Enfermer la conscience religieuse du musulman dans l’arriération ou le fanatisme est en soi une posture fanatique. Je regrette de le dire mais les modernistes se sont abusés sur ce point, et ne veulent pas l’admettre. C’est une méprise historique que nous payons aujourd’hui très cher.
Moi aussi je me suis trompée en pensant que ceux qu’on appelle « islamistes » n’étaient que des gredins endoctrinés par la haine de la vie et l’idolâtrie de la mort. Non, c’est faux. Ils peuvent être « démocrates musulmans ». Il y a dans le courant conservateur une profonde intuition de liberté, un réel esprit de tolérance. Ne pas l’admettre, c’est leur dénier le droit d’exister, afin de conserver nos prérogatives, celles du mensonge moderniste qu’on a rêvé de bâtir sur leur élimination, narcissisme intellectuel fondé sur l’arrogance et le mépris de la vie intérieure.

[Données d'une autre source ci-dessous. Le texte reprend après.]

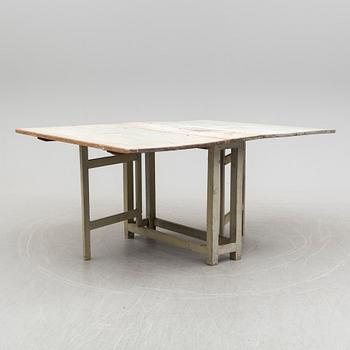 a gate-legged table from the first half of the 19th century.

La foi d’un homme n’est pas nécessairement l’aveuglement de sa raison. Elle peut aussi lui donner l’intelligence et la sensibilité que la seule raison lui masque, par peur de renoncer à ses privilèges et à son pouvoir.
Cette découverte, je ne l’ai faite qu’après la Révolution du 14 janvier. Je le regrette. Mais ceux qui ont été traités comme des parias et des maudits, rendus à la justice historique grâce à la Révolution, sont entrés en conversation avec nous. Ils agissent désormais en « démocrates musulmans », à l’instar des « démocrates chrétiens » européens. On a pu voir des hommes et des femmes tout comme nous, capables de débattre sans haine, avec bon sens, animés du même goût du bonheur, de la même recherche du mieux-être, et de l’amour du progrès. Et nous, les modernes, les « éclairés », les « cultivés », imbus de notre savoir et de « notre sens de l’histoire », avons été complices de leur bannissement.
Leur vision des mœurs est plus conservatrice que la nôtre, et alors ? Pourquoi croire que le progrès est l’apanage des modernes ? Non, un moderne qui refuse à un conservateur son droit à la liberté est un destructeur de progrès. Le vrai progrès est la reconnaissance de ceux qui ne pensent pas comme nous. La pensée est ce miracle qu’il est donné à tout un chacun de cultiver à sa guise, à condition de ne pas en interdire l’usage à autrui quand il diffère du nôtre. Depuis la Révolution, en suivant leurs débats, j’ai trouvé ces démocrates musulmans à maints égards plus construits, plus profonds que leurs adversaires, dont le sectarisme est proche d’une déviance archéo-coloniale à la Zemmour.
Ali Larayedh, ancien ministre de la Révolution à la personnalité discrète, d’une droiture exempte de tout ressentiment malgré le calvaire des années de détention, est à nouveau enfermé. C’est pourtant lui qui avait édicté la loi anti-terroriste contre les jihadistes. A-t-on vu des ministres de la République française arrêtés à cause des départs de centaines de jihadistes en Syrie ? Ou pour ne pas avoir prévenu les terribles attentats sur le sol français ?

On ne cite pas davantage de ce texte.